* _What you will do_
In the records below, find each line with "Hills" and copy it.

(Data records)
◇ ◇ ◇ ◇ ◇
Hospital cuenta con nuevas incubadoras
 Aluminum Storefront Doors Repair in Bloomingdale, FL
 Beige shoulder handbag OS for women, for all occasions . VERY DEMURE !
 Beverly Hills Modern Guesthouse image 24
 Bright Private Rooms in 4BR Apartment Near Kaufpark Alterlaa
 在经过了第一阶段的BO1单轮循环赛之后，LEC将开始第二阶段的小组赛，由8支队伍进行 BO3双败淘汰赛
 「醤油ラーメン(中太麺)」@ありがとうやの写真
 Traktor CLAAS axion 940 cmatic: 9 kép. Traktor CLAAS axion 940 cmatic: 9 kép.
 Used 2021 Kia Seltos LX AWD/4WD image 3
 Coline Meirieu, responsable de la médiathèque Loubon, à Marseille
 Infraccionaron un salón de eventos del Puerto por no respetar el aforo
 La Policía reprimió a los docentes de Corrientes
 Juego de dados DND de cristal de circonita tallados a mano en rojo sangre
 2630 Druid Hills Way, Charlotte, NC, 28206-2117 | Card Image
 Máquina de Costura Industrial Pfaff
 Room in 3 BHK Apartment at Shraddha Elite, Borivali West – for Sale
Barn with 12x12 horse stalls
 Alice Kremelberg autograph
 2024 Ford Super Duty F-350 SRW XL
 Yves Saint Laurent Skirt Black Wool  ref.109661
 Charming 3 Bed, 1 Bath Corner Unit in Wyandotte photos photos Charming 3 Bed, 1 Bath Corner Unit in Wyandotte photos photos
◇ ◇ ◇ ◇ ◇
* _Response_
 Beverly Hills Modern Guesthouse image 24
 2630 Druid Hills Way, Charlotte, NC, 28206-2117 | Card Image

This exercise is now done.